Avant de choisir le premier contenu qu’ils vont lire sur tablette, les lecteurs fixent en moyenne 18 points sur la page d’accueil de leur application. Ceux qui ne finissent pas la lecture de leur article ont regardé seulement 9 points. Et sur le premier contenu qu’ils consultent, ils passent en moyenne 1 minute et demi, relève encore Sarah Quinn, reprenant les conclusions de l’étude Poynter.
Sur tablettes, les lecteurs seraient plus «engagés» que sur smartphones, prétend ce rapport réalisé par Adobe Digital Index en mars 2013. Même si la tablette est moins répandue dans le monde que le téléphone, elle génèrerait plus de trafic en ligne. En effet, un utilisateur de tablette surfe sur 70% de pages Web de plus que lorsqu’il utilise son smartphone.
70% des utilisateurs de tablettes préfèrent lire en version paysage plutôt qu’en version portrait, toujours selon l’étude EyeTrack de Poynter. Un argument supplémentaire pour implorer les éditeurs de ne pas reproduire, sur tablette, le format du journal imprimé. «Aucun lecteur ne sert d’une tablette comme d’un journal», martèle Mario Garcia.
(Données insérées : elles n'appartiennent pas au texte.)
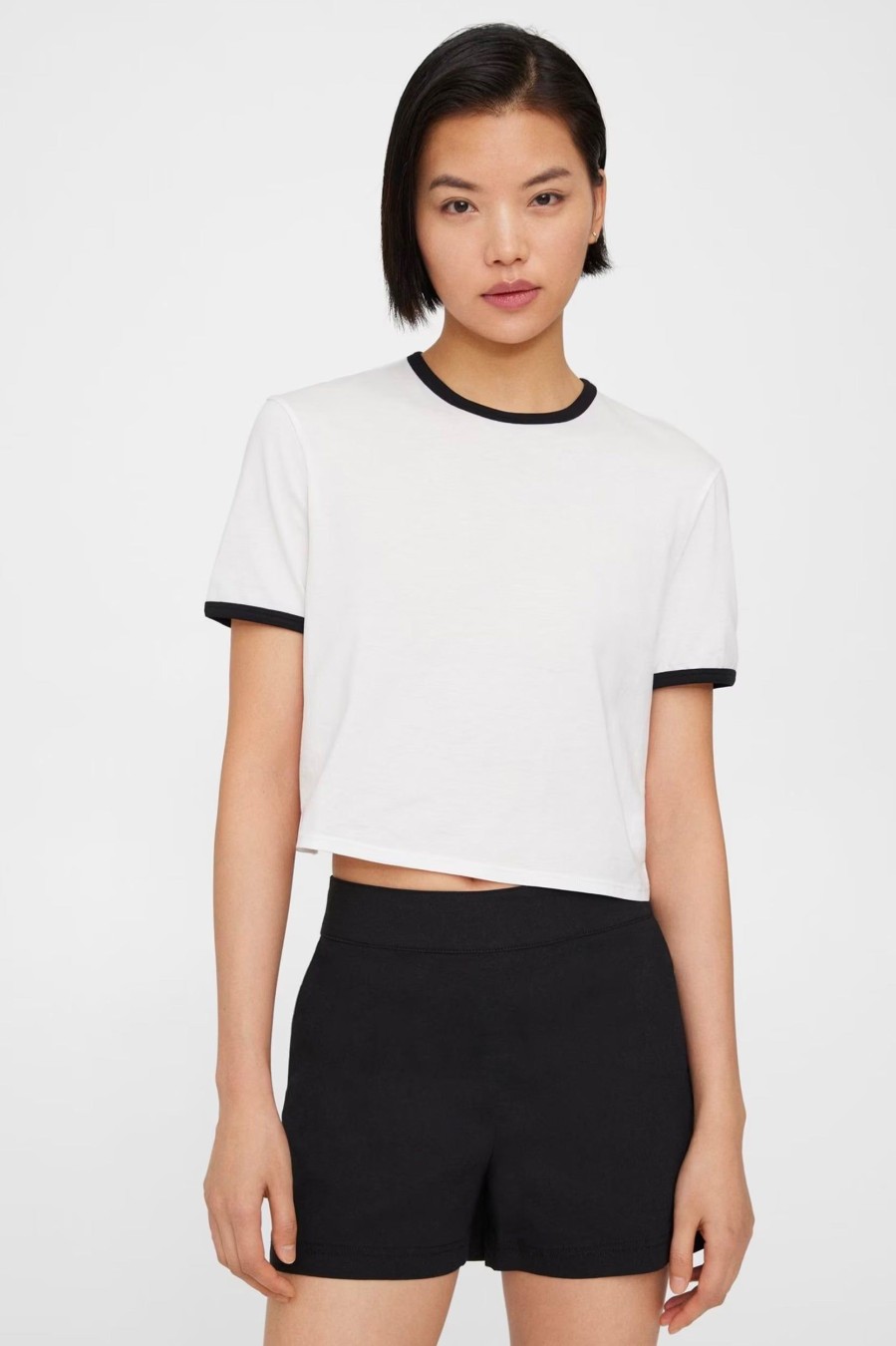 Tops And Shirts Theory | Ringer Tee In White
Les internautes attendent trois principes d’une application d’informations disponible sur tablette: 1. de la «curation», pour voir quels contenus les éditeurs ont sélectionnés pour eux 2. les dernières nouvelles disponibles, «breaking news» compris, et 3. des contenus issus du journal/magazine/programme de télé ou émission de radio si l’application est celle d’un média déjà installé dans le paysage. Conséquence: «vous pouvez mettre le PDF de votre journal, mais à condition que votre PDF soit mis à jour dans la journée», dit encore Mario Garcia, qui prévoit, dans les mois à venir, de plus en plus de «multi-editionning», comme le fait le New York Times, avec une édition du journal le matin, une édition le midi, et une édition le soir.
L’institut Poynter a testé les réactions des lecteurs sur trois applications différentes sur tablette. La première application s’inspire de l’interface de la BBC, à savoir une mosaïque d’images qui, lorsqu’on clique dessus, renvoient vers des contenus. La deuxième application, traditionnelle, ressemble à l’interface proposée le plus souvent par les journaux, avec une place majeure laissée au texte et aux titres, des rubriques en nombre, et une séparation par colonnes, qui donne une idée claire de la hiérarchie journalistique proposée par l’éditeur. La troisième et dernière interface ressemble à l’interface de Flipboard. Résultat du test: les utilisateurs interrogés par Poynter préfèrent à 50% la version numéro 1, qui leur donne l’impression d’avoir un buffet devant eux, à 35% le modèle hiérarchisé et à 15% l’équivalent de Flipboard.
Sur tablette, une application d’informations a un seul impératif: parler à plusieurs sens. Elle doit s’adresser «à la fois aux yeux, au cerveau et aux doigts», avertit Mario Garcia. «Ne frustrez jamais les doigts de vos lecteurs! Il faut rendre les doigts heureux, leur proposer des points sur lesquels interagir de façon tactile».
Les images sont devenues des principes de navigation au détriment des titres d’articles. C’est dur à encaisser pour les éditeurs, mais le titre d’un éditorial ne peut guère servir d’appel au clic. Sur tablette, l’application The Times of London a pris le parti de consacrer toute la surface de son application à une seule histoire qui est souvent une vidéo, et celle du Huffington Post propose une interface uniquement basée sur les images.
67% des sondés de l’étude Poynter utilisent les boutons de contrôle installés dans leur navigateur – comme les flèches pour revenir sur la page précédente – pour passer d’un contenu à l’autre, plutôt que des boutons créés par les développeurs dans une application. «Ils utilisent ce qu’ils connaissent», résume Sarah Quinn. Pas la peine, donc, pour les éditeurs de consacrer un temps déraisonnable à la création de telles fonctionnalités quand elles existent déjà par défaut sur le support.